In gangland, Alzheimer's can seriously damage your wealth

Sat, Dec 8, 2012, 00:00

   

TELEVISION:A drama about a crime boss with the disease has great performances but soon descends into cliche

Alzheimer’s disease in TV dramas usually features a very old person shuffling around in slippers and putting the house keys in the fridge – but a gangster with the condition? That’s new. And it worked in The Fear (Channel 4, Monday-Thursday), a drama shown over four consecutive nights and starring Peter Mullan as Richie Beckett, a crime boss in his early 60s.

He’s still profiting from his control of Brighton’s seedy sex and drugs underworld, but now it is with the veneer of respectability: the trophy house, the boutique hotel, the gallery-owning wife, and rounds of golf with the chief of police. But his memory and reasoning are slipping, and brutal events from the past keep flashing though his head. He’s prone to violent outbursts that he instantly forgets. “I haven’t laid a finger on anyone in 15 years, and I’m not going to start now,” he says convincingly just minutes after we’ve seen him assault a cyclist in a road-rage incident.
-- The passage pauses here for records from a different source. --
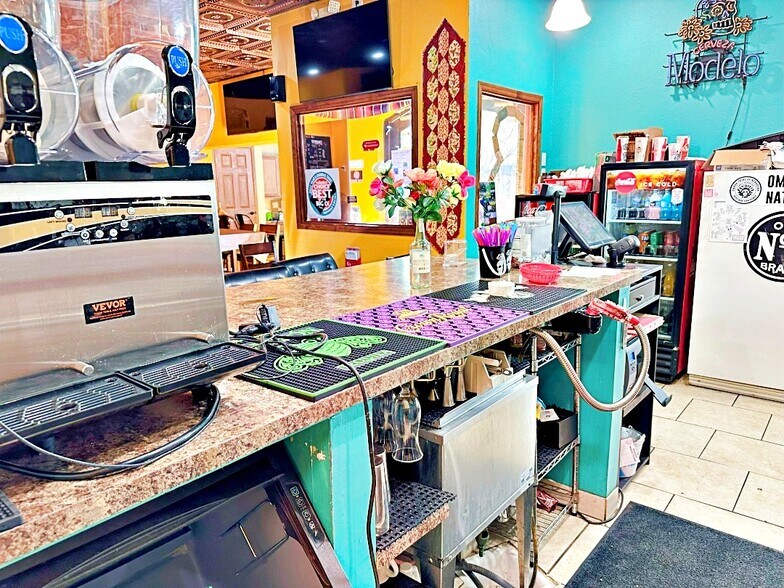 More Photos Of 8508-8510 N 30th St, Omaha Restaurant For Sale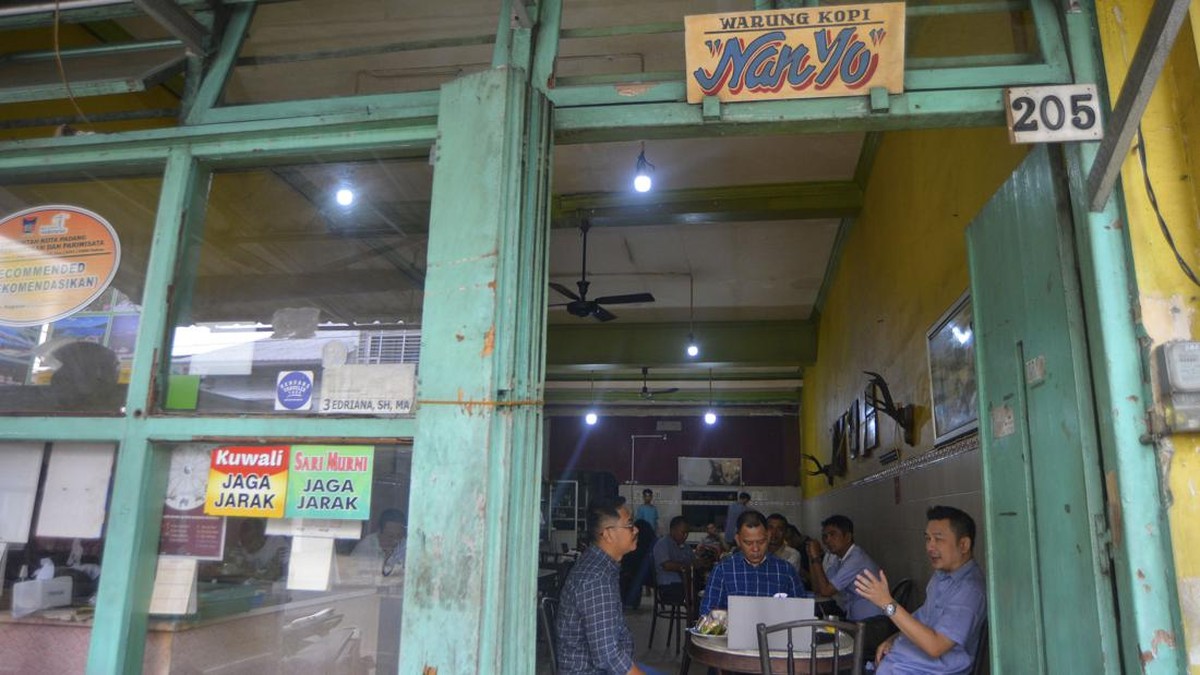 FOTO: Sensasi Nan Yo, Warkop Legendaris di dalam Padang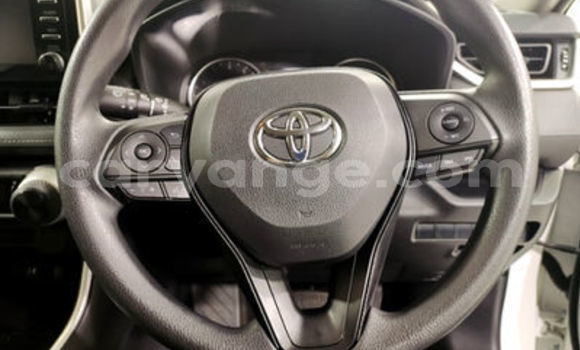 Acheter Occasion Voiture Toyota RAV4 Blanc à Swakopmund, Namibie Acheter Occasion Voiture Toyota RAV4 Blanc à Swakopmund, Namibie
While he’s trying to control his thoughts, a turf war breaks out with the arrival of a gang of Albanians intent on taking over his patch. And as soon as they appear, with their shiny polyester shirts, gold necklaces, eye-gouging violence and “how many girls you want?” dialogue, The Fear veers from the intelligent authenticity of Mullan’s performance deep into stereotype territory. And could Brighton’s police be so dim as not to know that a bloody gang war had broken out, what with the street shoot-outs and the arson? The copper who stopped Beckett’s car missed the severed head in the boot and the gun on the back seat. But Mullan’s performance, as a man slowly and painfully realising that dementia is taking hold, was powerful and nuanced; he’s the reason this drama was compelling despite the corny gangsta scenes.

“Do you write ‘Dear Edge’ or is it ‘Dear The Edge’?” wondered Thomas Kochs, the general manager, as he set out to write the welcome note for one of his guests in the entertaining documentary Inside Claridge’s (BBC Two, Monday).

A handwritten card is one of the things you get when you pay north of £6,000 a night for a room at the London hotel. That and superluxury art-deco surroundings, discreet service and, if you throw a few more grand a night at it, your own butler. One guest, a Japanese pop star booked in for a month, requested that a jacuzzi be installed in her penthouse. Others spring for an entire room redecoration, a stinking-rich take on Oscar Wilde’s apocryphal “either the curtains go or I do”.